8 Responses to Croydon in crisis: Council staff in frontline posts lose their jobs

  1. Sebastian Tillinger says:

    Newman is a weak leader. That’s now clearer than ever.

    He’s unable to tell it as it is, he lied to the BBC, and he is too in awe of senior council officials to demand cuts through all sections of the council, including senior management.

    A not insignificant part of this crisis facing the council is a result of series of bad senior management decisions.

    I frequently question the calibre and experience of senior managers in Croydon Council and I conclude the interview process must be a complete joke. Jo Negrini is appointing the wrong people for senior jobs and many of these are friends and acquaintances. Croydon Council senior management is not a meritocracy, it’s a ‘does your face fit and will you toe the line?’

    That’s all well and good if management is working. If it’s not working, as we can see now, the situation is inexcusable.

    And Newman is a weak ringmaster who is facilitating all this and keeping the lid on everyone’s lacklustre performances (like his own).

    I and many Croydon Council employees and residents have now seen the true worth of Jo Negrini, Tony Newman and their specially selected senior management protected ‘mates’ – and now want rid of them at the first opportunity.

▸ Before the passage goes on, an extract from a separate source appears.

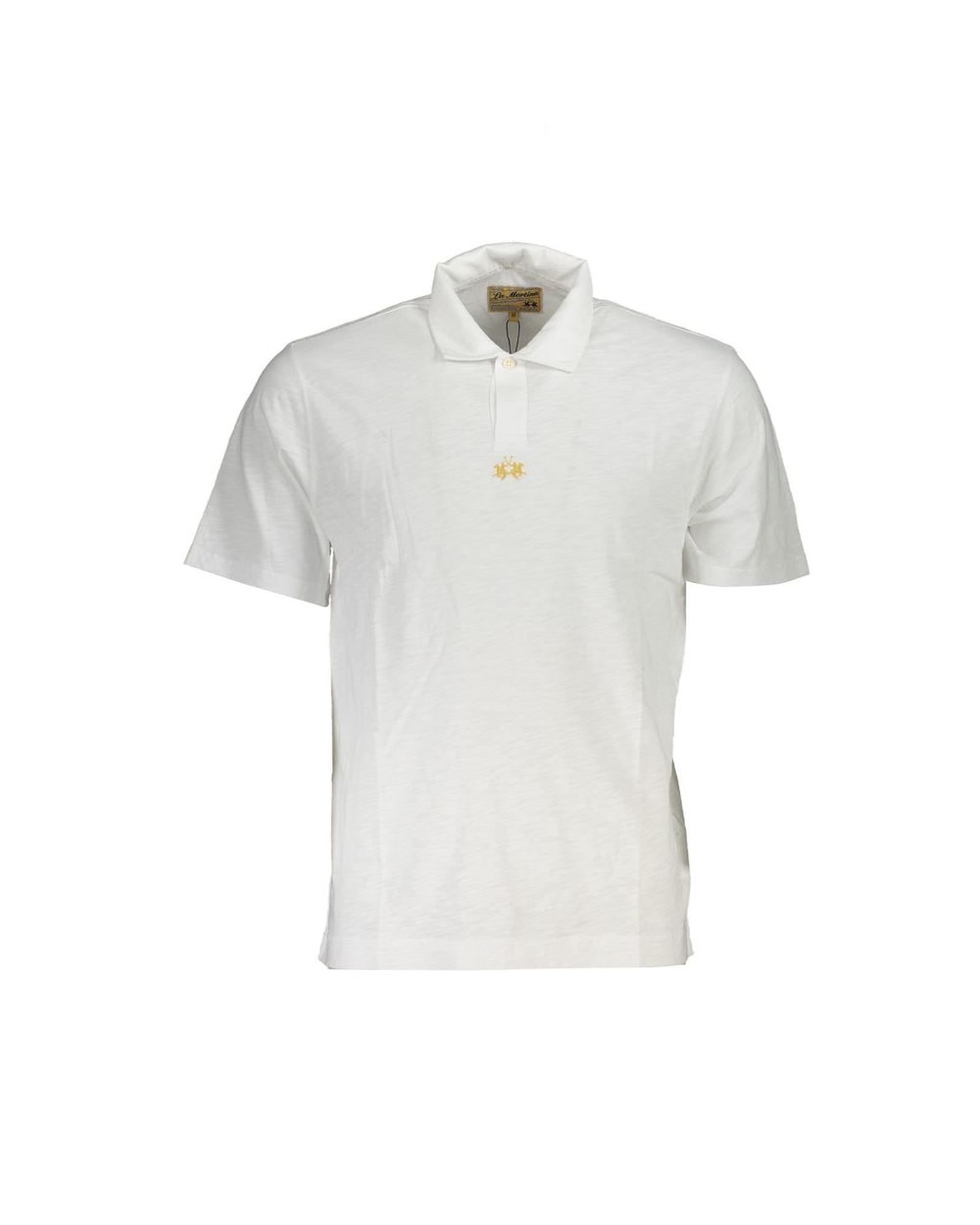 V539-LA-23083-M-202506170652-00 La Martina Men's White Cotton Polo Shirt - M - Image 1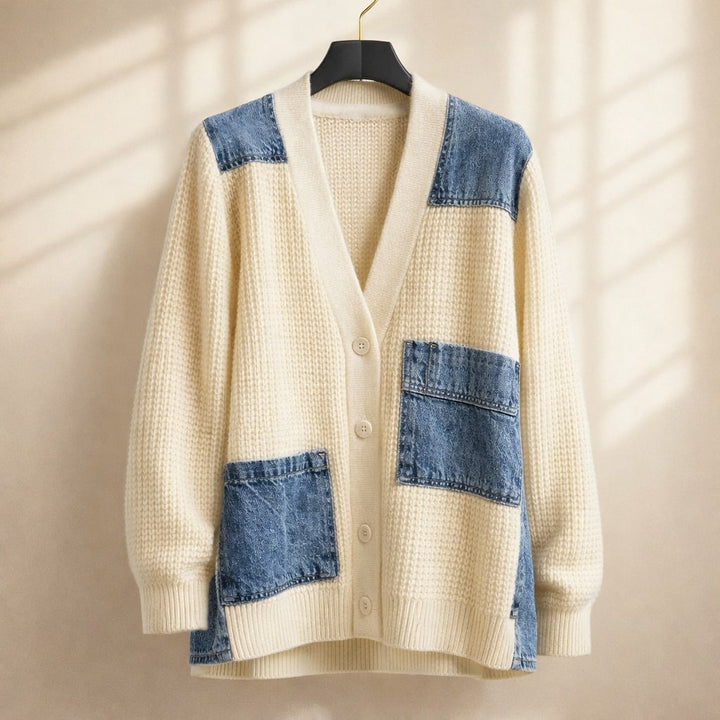 Clara Textured Button Cardigan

  2. Christopher Myers says:

    Whaaat??!! Children’s services were understaffed and underresourced at the front line. What are they thinking???

  3. Mike Buckley says:

    Disgraceful really! To think Children’s services were the Croydon weak area due to understaffing, so what do they do CUT THE STAFF – it seems unbelievable (and we pay these people to think in this way).
    How many “brownie points” would our favourite leader and his merry helpers have gained if they had taken a £10,000 pay cut, not to mention the best example possible as they are our leaders? Don’t forget to vote them back in next time.

  4. Joe Decon says:

    I thought the bankers who caused the financial crash in 2008 were one of the kind.
    Now it appears the council leadership is as inept and greedy.
    Croydon council has disgraced itself .
    The leadership is playing its rank and file staff like hapless fools with a cocktail of disinformation and hubris.

    The Leader and CEO should step down if they have any dignity.
    This council is toast and I cannot see its financial fortunes turn around at all.

    • Sebastian Tillinger says:

      Yes, it’s about the loss of personal responsibility and personal accountability in public service in Croydon.

      What Jo Negrini doesn’t get and Tony Newman clearly hasn’t told her when he sneaked her through the back door to the CEO role is that with a £200k+ salary, personal responsibility and personal accountability is not something you can simply opt out of.

      It’s a prerequisite with the salary and position.

      Residents shouldn’t have to be spelling this out to the council. We need a strong, dynamic, articulate and experienced person running Croydon Council – now more so than ever before.

  5. John Maynard says:

    How much did the council spend on buying the Colonnades and a hotel again?
    How did those worked out now we have a pandemic?

    • David Wickens says:

      About £53 million for the Colonnades and £30 million for the hotel. Rental income for the hotel must now be zero and likely to be much reduced on the Colonnades.

  6. alicdoodle says:

    Its cheering for those frontline staff to see money spaffed up the wall for buy back of Brick by Brick’s un sellable flats and for them to see the ‘chief executive’ salaries, allowances, read about their trips etc and then for actual useful staff to get thrown under the bus. I’m sure I feel the same as our family pay £2300 a year in council tax for a 1200 square foot 3 bed bungalow in South croydon. What fantastic value for money Croydon’s council is I say to myself as I watch the planning commissar with his visions# (presumably visions of peak communist Romania) destroy more beautiful houses in my road for nothing more than fleeting profit of developers and for no actual demand. Yes, cheering, comrades.